Kaori’s name means “fragrant” or “good-smelling”, which becomes increasingly inappropriate as the story wears on. She’s not a likable person, giving to whining and complaining when not shrieking in terror and being all around useless. Partially as a result, Tadashi tends to ignore or dismiss her ability to smell death coming. Not that it would have done much good if he’d paid attention. Her fate is cruel indeed.

Tadashi himself is more of an average dude protagonist–he scores a few small victories, early on, but is in no place to affect the overall outcome of the story, and winds up more as a witness to the disaster.

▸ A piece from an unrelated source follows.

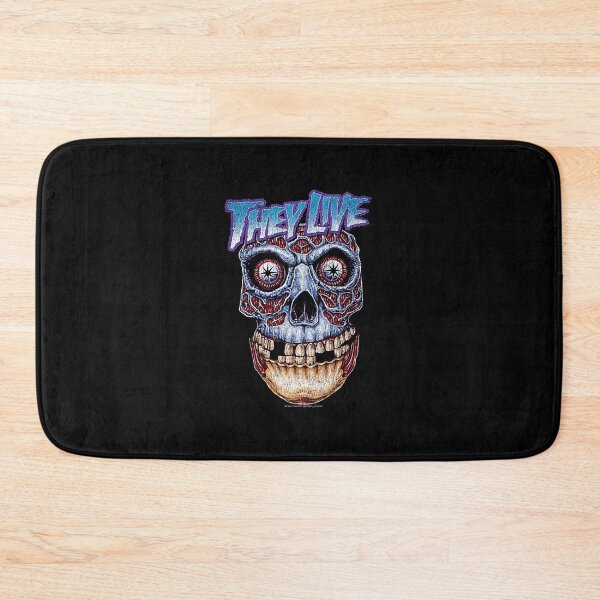 Item preview, They Live Bold Blue Skull Mask designed and sold by DonnaBradsha.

The art is excellent, as usual for Ito’s work, with him clearly enjoying creating the freakish monsters overrunning Japan. His limited supply of attractive female faces doesn’t cause much problem here due to the small number of main characters.

The combined edition I read also includes two independent stories. “The Sad Tale of the Principal Post” is a short short in which a new homeowner is found trapped under the “principal post” of the house, with no indication of how he got there. It’s okay. “The Enigma of Amigara Fault” on the other hand is one of Junji Ito’s most famous stories. An earthquake exposes a stone incline in the mountains that has curiously human-shaped holes in it. Holes that are just the right size and shape for certain people to get inside. They don’t seem to be coming out, either. The ending image is…unsettling. Drr…drr…drr…

Content note: Lots and lots of body horror. People and animals die, some of them quite messily. Nudity, initially barbie doll fanservice, but later the nudity of bloated corpses. This is not a series for people with delicate stomachs and I’d suggest older teens at minimum.

Junji Ito knows how to take a simple idea like “wouldn’t it suck if killer sharks had legs?” and introduce even nastier twists to go beyond ordinary horror. Highly recommended for the kind of reader who enjoys this sort of thing.